Frequently asked questions¶
- Why is majiq builder returning 0 or a very small number of LSVs?
The reason for a very small number of LSVs can be different. The most common one is that annotation DB and the bam files does not match. The bam files can be mapped with a different DB version or the bam files has different names or variation of the contig id. The most common in mammals is that your DB identifies the chromosomes as 1,2,3,4… but the bam identifies them as chr1, chr2, chr3… The way to know if this is your case you can run samtools using the following command, samtools view bamfile | grep -n 200 and see the contig/chromosome ids in the 3rd column. Those names should match with the ones in the annotation DB in the gff3 file.
- When running deltapsi/psi/het, why do I get an error like “LSV type does not match”
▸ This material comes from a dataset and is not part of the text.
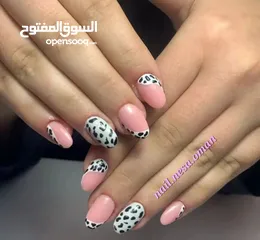  8 nail offer hair offer New offer الأظافر ۱ ریال الشعر ۱ ریال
MAJIQ analizes the bam files finding de novo junctions and retain introns. That makes dificult its quantification if not all the lsvs are defined in the same way. For that reason we need to build together all the samples that we want to compare, so they start with a common lsv definitions
- Does MAJIQ accept different sets of RNA-Seq with different read lengths of strandness types?
Yes, for the read length you only need to specify in the settings file, the longest readlength in the set of samples. For the strandness type check the majiq quick guide to check how to do it.
- What is a half-exon?
MAJIQ detects de novo junctions that can create new exons. Sometimes the boundaries of those exons are not clear ( not present, to far away, or not well covered…), in those coses we define the exon as half-exon. The missing coordinate is specified as na
- In VOILA, some of the LSV type thumbnails don’t have a numver, only “unk”. What does this mean?
“unk” stands for unknown. That reflects an lsv where its reference exon is a half-exon.
- What difference is there in running PSI on individual samples vs. as a group of replicates for a given condition/cell type?
MAJIQ PSI and deltapsi can work with one or more replicas per group. The number of replicas makes an effect in the quantification in two main aspects. First the quantification filters out any LSV that does not pass the filter in set of experiments ( The number of experiments is defined by min_emperiments argument, or 50% of the experiments by default). The second aspect where the replicas makes an effect is on the confidence. When MAJIQ quantifies replicas it aggregates the evidence of the replicas in order to improve the confidence on the quantification.